But in retrospect, with a day to process thoughts and feelings:
Im really angry that the head cop told us it was okay to go by saying that “it was just some delusional parent making another fslse report”. I cant believe we all just went on for the rest of the event like it didn’t happen, and people seemed to buy the idea that of couse it wasnt real because it couldn’t happen here.
I dont want to live in fear (and i really have chosen not to, in the face of fears), but I also dont know how to cope with this willful oblivion.
Anon
It wasn’t real. Not because it “couldn’t happen there;” it wasn’t real because It. Wasn’t. Real.
Be thankful that it was someone seeking attention via false reports and not violence.
Anonymous
If you are in the US, remember that mental health care is woefully inadequate. Think of the kind of person who is horrifically demanding, accusatory, and cruel to a server at a restaurant. Now imagine that those aspects of a person’s personality have been augmented by untreated mental illness and troubled coping mechanisms. Now imagine that they behave this way so frequently that it’s held them back in life because no one wants to deal with them. They may not be eating out at restaurants much, but they still have access to librarians, police, nurses, etc., to yell at and demand things from. Many professionals who work with the entirety of the public are in some stage of burn out. I believe that police officer was entirely inappropriate to make a remark about a delusional parent. I have no reason to believe the parent who called in was delusional. But I’m confident that there are people who see something on TV, obsess over it, and harass the police about it because they are addicted to this and have to harass somebody about something.
Anonymous
Huh? It wasn’t willful oblivion at all. The cops responded, everyone handled it well, it was clearly a false report and they told you so.
Anon
It sounds like they investigated it and it truly wasn’t real. False reporting stuff is pretty common and statistically is more likely. Didn’t everyone’s high school occasionally receive bomb threats?
Anonymous
Some of my friends blew up a toilet one year.
Skipper
This disclosure re: toilets is quite possibly my favorite comment on the history of this site.
Belle Boyd
LOL! I’ve got some really good stories along the same lines, but I’m not so sure the statute of limitations have run out yet!
Anonymous
Reading between the lines, it sounds like you were really shaken by this whole thing, and that intensity and fear is now fueling some outrage that everyone else is seeming to carry on like normal.

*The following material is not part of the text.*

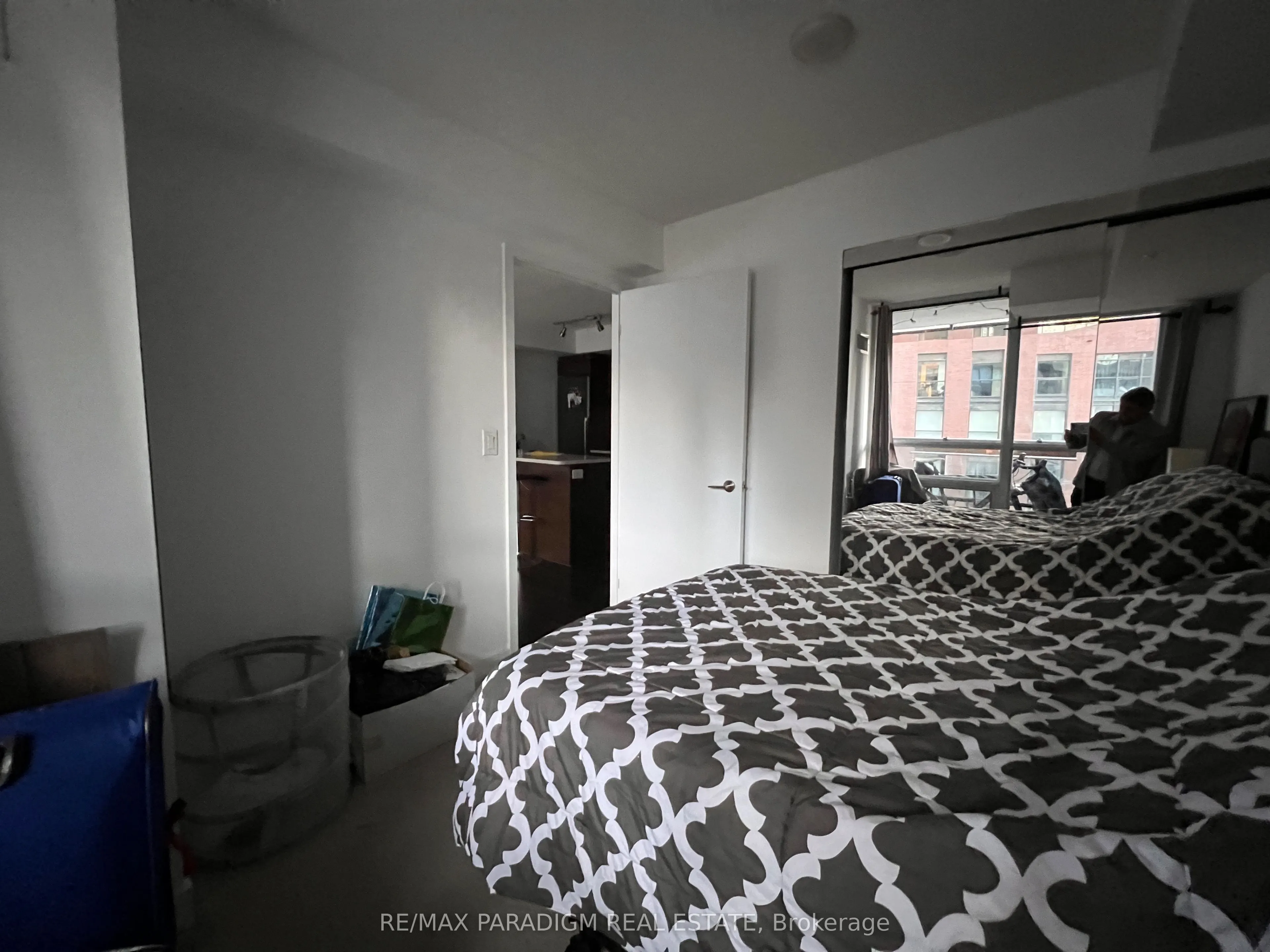 295 Adelaide Street W, #507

I’d give the reaction some more time to settle and your emotions some more time to come back to normal. Spending an hour with police, EMTs because of a potential shooter CAN shake up a person. Also, if you tend toward anxiety in general, recognize that you may be having an outsized reaction to this, and your perspective on it might not be trustworthy.
Senior Attorney
Real question: What would you have had them do instead of going on with their lives?
OP
Talk about it, even a little? This was an open-house/internal networking event where most people were mostly just casually chatting with their friends. Yet saying, “It was a little disruptive to go on lockdown for an hour,” people looked at me like I was the weird on for noticing.
AnonZ
Honestly, if I’d been at the event, I probably wouldn’t have wanted to talk about it, because it feels like at this point, there’s not much to say. Especially in that environment. It would immediately turn into a gun control debate, the same one we’ve all rehashed a thousand times, and “a work event with kids” does not seem like the time or place to open that can of worms.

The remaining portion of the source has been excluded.